Wade’s Company Profile
Wade’s Dairy Mission
Wade’s distributes the highest quality dairy and complementary food products to the Southern New England food service industry.
- Gain the confidence and loyalty of our customers by providing professional service personalized to their individual needs.
- Be chosen by all our customers as their primary provider within our extensive line of competitively priced, refrigerated and frozen foods.
- Direct a profitable, thriving business that combines the talents of our team with the experience of five generations to promote the growth and success of our customers, employees, and suppliers.

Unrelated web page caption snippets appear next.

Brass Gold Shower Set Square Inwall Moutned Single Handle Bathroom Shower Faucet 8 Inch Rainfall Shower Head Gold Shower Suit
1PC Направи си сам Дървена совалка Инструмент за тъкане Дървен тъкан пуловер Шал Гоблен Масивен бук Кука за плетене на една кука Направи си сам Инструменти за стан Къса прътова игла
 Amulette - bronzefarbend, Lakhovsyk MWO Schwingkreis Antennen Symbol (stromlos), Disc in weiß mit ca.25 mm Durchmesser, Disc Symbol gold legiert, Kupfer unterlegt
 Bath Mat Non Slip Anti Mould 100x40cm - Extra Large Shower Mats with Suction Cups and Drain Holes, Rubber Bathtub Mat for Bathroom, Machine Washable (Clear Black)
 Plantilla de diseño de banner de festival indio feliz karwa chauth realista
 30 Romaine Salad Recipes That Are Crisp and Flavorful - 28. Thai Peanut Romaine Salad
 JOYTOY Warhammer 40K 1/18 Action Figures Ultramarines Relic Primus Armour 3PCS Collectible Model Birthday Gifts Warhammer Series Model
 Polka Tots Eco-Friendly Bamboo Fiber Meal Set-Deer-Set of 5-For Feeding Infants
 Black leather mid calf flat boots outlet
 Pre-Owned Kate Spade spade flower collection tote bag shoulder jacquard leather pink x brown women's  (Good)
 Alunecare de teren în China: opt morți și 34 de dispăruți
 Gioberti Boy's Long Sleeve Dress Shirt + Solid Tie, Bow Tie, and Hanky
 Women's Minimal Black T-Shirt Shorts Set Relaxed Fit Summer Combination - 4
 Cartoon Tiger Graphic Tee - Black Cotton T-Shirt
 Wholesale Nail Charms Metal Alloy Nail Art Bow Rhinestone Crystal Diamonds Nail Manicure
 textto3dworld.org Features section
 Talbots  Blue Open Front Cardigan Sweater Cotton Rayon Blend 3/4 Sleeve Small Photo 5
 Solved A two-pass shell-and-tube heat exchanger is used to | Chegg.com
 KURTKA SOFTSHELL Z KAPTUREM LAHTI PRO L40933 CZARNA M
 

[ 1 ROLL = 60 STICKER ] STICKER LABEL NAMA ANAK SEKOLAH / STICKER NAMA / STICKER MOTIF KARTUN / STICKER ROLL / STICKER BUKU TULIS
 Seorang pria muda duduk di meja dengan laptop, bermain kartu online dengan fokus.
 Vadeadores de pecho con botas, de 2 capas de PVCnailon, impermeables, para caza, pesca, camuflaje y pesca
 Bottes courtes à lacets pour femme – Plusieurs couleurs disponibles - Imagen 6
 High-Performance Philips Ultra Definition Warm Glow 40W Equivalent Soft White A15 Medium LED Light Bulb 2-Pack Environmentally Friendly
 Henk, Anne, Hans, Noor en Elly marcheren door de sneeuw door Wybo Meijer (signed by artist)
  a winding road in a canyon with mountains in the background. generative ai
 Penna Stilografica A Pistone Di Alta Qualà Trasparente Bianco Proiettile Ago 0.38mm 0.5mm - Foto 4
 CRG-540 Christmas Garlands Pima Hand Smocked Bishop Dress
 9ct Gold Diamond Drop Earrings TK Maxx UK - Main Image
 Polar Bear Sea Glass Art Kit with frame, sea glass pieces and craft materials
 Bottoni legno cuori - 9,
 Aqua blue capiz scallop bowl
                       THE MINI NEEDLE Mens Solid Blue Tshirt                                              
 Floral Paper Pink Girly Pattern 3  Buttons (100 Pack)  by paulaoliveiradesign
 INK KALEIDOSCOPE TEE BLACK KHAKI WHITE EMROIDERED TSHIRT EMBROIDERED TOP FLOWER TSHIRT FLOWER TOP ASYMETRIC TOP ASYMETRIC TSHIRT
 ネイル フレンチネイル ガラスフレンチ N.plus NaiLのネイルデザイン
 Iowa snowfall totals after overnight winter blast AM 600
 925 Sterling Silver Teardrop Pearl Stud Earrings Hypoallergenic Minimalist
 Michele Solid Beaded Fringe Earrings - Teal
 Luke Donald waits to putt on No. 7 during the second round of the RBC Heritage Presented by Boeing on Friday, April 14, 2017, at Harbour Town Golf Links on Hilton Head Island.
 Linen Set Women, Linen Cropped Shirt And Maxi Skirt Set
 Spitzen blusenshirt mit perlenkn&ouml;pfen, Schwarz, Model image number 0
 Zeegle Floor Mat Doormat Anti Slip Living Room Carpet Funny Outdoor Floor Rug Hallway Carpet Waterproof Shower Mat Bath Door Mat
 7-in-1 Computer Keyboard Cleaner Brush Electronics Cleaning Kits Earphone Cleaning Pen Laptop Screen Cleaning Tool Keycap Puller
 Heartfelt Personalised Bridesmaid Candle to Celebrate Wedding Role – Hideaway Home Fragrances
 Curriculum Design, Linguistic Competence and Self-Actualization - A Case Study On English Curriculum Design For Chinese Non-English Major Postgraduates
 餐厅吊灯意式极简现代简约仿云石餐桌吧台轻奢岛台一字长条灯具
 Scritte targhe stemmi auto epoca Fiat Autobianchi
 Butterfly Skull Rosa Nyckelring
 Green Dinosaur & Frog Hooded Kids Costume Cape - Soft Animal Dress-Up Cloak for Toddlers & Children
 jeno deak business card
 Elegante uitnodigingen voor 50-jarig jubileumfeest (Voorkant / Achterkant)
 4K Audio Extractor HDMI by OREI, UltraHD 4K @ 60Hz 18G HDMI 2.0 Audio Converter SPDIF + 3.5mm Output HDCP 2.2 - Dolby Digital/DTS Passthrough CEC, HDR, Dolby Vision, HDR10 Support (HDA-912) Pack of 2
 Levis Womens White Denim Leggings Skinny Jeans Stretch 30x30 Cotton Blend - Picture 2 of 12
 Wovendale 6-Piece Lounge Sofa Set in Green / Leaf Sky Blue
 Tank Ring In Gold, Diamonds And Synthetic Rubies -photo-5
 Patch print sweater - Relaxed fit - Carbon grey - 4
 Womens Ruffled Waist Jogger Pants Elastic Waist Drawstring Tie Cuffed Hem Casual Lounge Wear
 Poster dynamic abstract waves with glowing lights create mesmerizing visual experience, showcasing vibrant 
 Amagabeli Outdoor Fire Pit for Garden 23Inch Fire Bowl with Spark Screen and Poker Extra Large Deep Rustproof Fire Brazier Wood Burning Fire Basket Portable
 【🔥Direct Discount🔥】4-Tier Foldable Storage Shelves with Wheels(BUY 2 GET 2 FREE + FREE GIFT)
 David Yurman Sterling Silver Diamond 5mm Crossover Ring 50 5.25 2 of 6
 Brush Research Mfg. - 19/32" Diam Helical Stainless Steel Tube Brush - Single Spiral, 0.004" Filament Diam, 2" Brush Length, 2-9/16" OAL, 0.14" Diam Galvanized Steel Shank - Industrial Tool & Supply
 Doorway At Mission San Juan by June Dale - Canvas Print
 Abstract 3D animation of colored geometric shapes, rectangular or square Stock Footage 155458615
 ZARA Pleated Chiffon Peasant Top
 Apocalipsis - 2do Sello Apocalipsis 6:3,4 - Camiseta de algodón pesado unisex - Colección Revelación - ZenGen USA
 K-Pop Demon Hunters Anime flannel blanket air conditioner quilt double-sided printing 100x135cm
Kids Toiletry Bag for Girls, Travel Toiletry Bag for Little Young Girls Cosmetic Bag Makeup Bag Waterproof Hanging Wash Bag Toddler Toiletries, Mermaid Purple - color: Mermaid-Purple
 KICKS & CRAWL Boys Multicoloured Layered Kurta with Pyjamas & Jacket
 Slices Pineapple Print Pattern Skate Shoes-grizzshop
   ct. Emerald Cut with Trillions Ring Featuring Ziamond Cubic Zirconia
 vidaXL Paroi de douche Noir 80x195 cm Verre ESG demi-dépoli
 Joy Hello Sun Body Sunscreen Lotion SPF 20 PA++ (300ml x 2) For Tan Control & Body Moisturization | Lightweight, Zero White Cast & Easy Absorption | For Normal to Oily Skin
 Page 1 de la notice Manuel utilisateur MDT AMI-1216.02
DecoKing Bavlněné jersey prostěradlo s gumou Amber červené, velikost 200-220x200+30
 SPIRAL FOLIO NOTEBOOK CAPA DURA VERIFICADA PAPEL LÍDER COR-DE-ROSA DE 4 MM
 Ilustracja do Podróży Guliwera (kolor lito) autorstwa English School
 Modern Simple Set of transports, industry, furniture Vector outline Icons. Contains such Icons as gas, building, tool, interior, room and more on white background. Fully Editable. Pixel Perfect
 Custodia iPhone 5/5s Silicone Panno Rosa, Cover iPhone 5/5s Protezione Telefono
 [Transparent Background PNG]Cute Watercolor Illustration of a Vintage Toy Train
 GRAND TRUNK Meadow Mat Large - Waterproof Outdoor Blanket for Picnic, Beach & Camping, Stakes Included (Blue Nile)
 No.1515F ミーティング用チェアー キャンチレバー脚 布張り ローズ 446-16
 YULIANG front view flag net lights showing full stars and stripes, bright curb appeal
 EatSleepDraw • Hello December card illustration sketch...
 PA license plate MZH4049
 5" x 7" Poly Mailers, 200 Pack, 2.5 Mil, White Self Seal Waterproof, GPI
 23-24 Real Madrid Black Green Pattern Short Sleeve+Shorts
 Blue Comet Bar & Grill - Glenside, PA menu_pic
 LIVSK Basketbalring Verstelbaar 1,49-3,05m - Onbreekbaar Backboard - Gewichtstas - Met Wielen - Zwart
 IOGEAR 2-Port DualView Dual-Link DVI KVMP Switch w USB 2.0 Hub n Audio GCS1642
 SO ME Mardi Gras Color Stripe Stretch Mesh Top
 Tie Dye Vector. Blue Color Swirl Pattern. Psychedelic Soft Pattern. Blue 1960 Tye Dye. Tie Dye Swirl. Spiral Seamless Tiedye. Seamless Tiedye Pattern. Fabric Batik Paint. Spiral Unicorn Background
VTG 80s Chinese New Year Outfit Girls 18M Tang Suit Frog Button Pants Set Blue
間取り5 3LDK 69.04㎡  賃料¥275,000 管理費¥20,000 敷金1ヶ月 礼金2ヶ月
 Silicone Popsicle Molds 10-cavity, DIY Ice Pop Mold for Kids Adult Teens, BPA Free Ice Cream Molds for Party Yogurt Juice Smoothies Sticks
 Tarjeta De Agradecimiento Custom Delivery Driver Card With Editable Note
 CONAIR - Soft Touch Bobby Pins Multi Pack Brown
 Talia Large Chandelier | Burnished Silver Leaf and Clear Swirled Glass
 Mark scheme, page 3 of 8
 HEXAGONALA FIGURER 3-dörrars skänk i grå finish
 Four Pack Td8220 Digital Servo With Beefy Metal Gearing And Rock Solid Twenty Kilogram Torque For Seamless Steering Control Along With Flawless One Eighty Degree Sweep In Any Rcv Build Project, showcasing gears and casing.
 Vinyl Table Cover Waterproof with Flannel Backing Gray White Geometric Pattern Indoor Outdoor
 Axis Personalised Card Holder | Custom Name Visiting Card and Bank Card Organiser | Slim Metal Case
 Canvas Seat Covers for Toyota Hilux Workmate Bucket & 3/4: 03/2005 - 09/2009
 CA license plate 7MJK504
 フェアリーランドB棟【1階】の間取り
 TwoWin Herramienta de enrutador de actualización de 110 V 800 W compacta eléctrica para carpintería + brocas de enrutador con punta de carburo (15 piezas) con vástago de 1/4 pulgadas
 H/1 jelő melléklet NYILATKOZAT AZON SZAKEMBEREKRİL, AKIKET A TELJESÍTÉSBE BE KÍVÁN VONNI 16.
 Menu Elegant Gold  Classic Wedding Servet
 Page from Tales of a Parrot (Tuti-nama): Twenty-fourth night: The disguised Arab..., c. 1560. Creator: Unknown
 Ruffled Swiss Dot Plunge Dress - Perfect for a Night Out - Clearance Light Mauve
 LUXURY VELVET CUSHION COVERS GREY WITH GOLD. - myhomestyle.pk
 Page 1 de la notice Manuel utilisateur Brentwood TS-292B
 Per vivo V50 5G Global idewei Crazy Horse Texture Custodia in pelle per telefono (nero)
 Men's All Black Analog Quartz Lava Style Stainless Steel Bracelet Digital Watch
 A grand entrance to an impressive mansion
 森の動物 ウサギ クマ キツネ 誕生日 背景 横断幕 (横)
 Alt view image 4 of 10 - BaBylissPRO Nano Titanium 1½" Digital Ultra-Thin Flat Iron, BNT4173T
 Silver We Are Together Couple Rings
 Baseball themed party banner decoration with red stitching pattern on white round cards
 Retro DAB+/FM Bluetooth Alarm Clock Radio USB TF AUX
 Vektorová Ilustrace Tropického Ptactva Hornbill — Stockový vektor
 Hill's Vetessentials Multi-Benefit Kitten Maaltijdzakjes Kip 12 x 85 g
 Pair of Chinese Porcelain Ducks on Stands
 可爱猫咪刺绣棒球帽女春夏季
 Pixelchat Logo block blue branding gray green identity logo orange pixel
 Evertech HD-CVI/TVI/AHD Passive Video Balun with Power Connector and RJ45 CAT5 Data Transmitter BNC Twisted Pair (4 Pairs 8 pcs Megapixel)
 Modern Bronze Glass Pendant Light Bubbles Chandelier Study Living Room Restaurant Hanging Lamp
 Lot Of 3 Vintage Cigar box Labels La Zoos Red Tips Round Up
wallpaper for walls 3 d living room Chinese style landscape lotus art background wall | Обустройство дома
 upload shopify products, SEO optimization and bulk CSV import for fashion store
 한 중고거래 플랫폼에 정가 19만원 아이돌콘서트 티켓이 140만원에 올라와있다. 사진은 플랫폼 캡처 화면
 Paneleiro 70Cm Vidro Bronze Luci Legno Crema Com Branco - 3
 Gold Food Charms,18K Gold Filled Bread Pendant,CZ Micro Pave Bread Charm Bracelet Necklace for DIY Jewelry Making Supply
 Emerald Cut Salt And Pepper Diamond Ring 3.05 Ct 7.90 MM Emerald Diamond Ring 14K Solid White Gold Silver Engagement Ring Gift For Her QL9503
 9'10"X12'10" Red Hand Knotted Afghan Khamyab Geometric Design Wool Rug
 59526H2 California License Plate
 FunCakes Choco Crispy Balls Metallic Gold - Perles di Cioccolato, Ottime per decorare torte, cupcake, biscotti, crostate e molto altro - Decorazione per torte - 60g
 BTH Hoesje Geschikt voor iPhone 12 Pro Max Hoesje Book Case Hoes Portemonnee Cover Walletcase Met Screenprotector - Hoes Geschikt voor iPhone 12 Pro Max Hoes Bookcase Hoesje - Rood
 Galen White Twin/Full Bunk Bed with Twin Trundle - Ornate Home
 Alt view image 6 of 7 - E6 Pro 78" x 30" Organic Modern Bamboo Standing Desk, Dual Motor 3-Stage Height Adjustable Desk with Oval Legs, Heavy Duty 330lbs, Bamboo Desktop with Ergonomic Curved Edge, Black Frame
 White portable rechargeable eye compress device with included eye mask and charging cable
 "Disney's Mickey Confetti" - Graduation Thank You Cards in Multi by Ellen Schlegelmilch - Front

The origin of Wade’s Dairy dates back to the late 1800s in the small, rural town of Easton, Connecticut. Our great-grandfather Frank Henry Wade began peddling milk in 1884 at the age of sixteen. In 1893, having acquired his own herd, Frank started his own business with a daily routine of milking cows and delivering milk house to house in his horse and wagon. In 1904 Frank left Easton and moved his herd to Greenfield Hills in Fairfield, CT. Four years later, Frank sold his herd of cows and established a dairy processing plant for the pasteurizing, bottling and distribution of milk. Frank now sold his pasteurized milk in modern glass bottles that were labeled F. H. Wade. Frank bought his first auto truck in 1916 and he retired his horse and buggy as he grew his business with the help of his two sons Howard and John.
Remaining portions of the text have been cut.